- _RECORD EXTRACTS_:

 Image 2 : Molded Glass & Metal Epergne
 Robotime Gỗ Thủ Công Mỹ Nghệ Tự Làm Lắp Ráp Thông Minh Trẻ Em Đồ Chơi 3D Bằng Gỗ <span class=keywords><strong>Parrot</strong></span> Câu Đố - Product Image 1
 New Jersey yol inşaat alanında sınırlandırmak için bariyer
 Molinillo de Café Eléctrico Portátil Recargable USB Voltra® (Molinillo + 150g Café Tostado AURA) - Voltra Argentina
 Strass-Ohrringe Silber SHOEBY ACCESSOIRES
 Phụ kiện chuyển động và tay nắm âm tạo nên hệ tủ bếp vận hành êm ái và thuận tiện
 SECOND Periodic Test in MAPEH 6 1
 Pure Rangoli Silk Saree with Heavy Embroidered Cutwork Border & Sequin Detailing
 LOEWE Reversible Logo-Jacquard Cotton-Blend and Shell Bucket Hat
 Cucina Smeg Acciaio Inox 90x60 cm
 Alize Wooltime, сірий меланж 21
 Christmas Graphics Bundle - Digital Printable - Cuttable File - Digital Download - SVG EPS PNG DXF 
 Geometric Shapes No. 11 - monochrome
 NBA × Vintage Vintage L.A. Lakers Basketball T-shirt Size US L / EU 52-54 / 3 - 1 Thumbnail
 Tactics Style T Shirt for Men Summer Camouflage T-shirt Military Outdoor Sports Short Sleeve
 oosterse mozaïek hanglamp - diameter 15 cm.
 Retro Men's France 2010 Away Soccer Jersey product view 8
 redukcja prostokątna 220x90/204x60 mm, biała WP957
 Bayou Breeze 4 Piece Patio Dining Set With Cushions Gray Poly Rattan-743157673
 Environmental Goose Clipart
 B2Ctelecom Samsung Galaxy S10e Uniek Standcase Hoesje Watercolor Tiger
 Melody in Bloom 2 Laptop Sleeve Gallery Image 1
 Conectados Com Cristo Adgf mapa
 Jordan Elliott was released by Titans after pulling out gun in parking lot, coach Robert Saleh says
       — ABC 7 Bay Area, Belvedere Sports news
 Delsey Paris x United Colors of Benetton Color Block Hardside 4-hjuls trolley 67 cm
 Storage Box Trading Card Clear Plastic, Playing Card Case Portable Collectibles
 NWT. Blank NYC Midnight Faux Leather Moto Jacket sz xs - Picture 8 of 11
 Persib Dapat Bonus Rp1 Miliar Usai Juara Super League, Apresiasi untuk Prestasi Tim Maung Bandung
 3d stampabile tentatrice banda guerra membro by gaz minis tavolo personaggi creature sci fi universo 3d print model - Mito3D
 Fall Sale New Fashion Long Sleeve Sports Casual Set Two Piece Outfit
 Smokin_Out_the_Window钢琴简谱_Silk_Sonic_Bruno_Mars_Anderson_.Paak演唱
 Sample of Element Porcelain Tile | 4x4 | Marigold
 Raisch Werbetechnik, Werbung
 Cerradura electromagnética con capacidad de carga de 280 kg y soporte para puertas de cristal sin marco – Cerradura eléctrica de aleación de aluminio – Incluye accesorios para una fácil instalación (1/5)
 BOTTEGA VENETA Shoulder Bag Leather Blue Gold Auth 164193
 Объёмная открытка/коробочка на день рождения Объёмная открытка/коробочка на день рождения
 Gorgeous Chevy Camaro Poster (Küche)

- _INSTRUCTIONS TO FOLLOW_: Above are the entries. Quote exactly the lines from the one bearing "Molinillo de Café" through the one bearing "Phụ kiện chuyển".

- _WRITTEN SOLUTION_:
 Molinillo de Café Eléctrico Portátil Recargable USB Voltra® (Molinillo + 150g Café Tostado AURA) - Voltra Argentina
 Strass-Ohrringe Silber SHOEBY ACCESSOIRES
 Phụ kiện chuyển động và tay nắm âm tạo nên hệ tủ bếp vận hành êm ái và thuận tiện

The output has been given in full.